Boniface, too, for all his pride, was dragged to the foot of the cross. In 1303, the Colonnas led an army to capture Boniface, who had angered nobility and kings across Europe by issuing the bull Unam sanctam declaring the pope’s authority to be sovereign everywhere. He was imprisoned, beaten, and nearly executed, but died (as wikipedia puts it) “of kidney stones and humiliation” on October 11. Upon the pope’s death, Jacopone was freed from prison. He retired to a hill town near Todi, and died in 1306.
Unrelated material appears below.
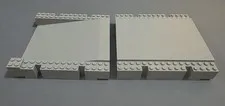 Lego Baseplate Raised Platform Rap Lot 2642 (1x) & 2617 (1x) : Light Gray 16x16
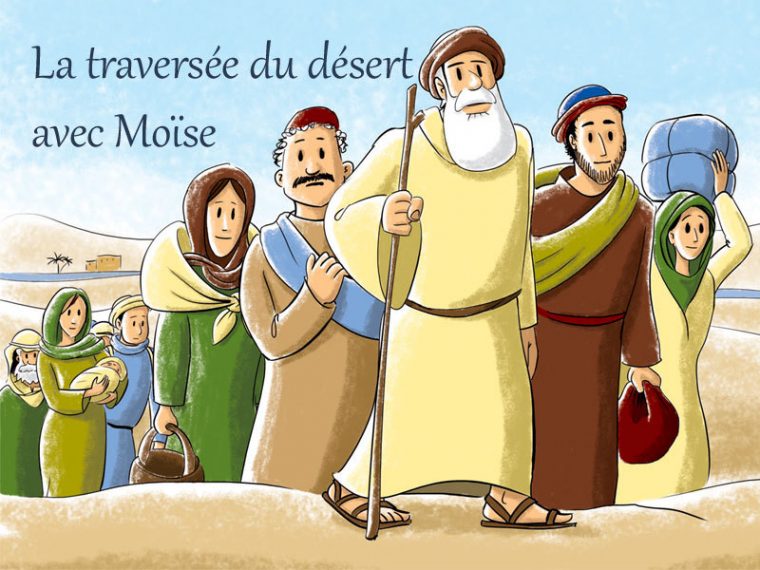 Sketch : La Traversée Du Désert Avec Moïse – Kt42 dedans Personnage De La Bible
The Two Guys from Todi, it seems to me, make a good diptych of a reflection for this Friday before Good Friday. Dante aside, we place others in heaven or hell at our peril, and most of us are admixtures of pride and humility, sin and grace. Jacopone, for all his lyrical skills and saintly qualities, must have been a pain in the culo if you crossed him, and history has come out on the side of the more liberal interpretation of Francis’s rule. And Pope Boniface VIII may have sincerely believed he was defending the patrimony of the Church against equally proud and avaricious nobles. He was Giotto’s patron, and I’m willing to cut him a lot of slack based on that alone.
In any case, these intertwined stories remind us that the struggle to live in both the Church and the world is much older than our own times, and that no matter who we are, we too will be dragged to the foot of the cross. When we find ourselves there, let us stand with Mary and share as she did in the suffering that alone will set us free.
Thou, my Savior’s cross who bearest,
Thou, thy Son’s rebuke who sharest,
Let me share them both with thee.
In the Passion of my Maker
Be my sinful soul partaker,
Weep till death and weep with thee.
Mine with thee be that sad station,
There to watch the great Salvation
Wrought upon th’ atoning Tree.
I’ll be heading for Stations of the Cross tonight.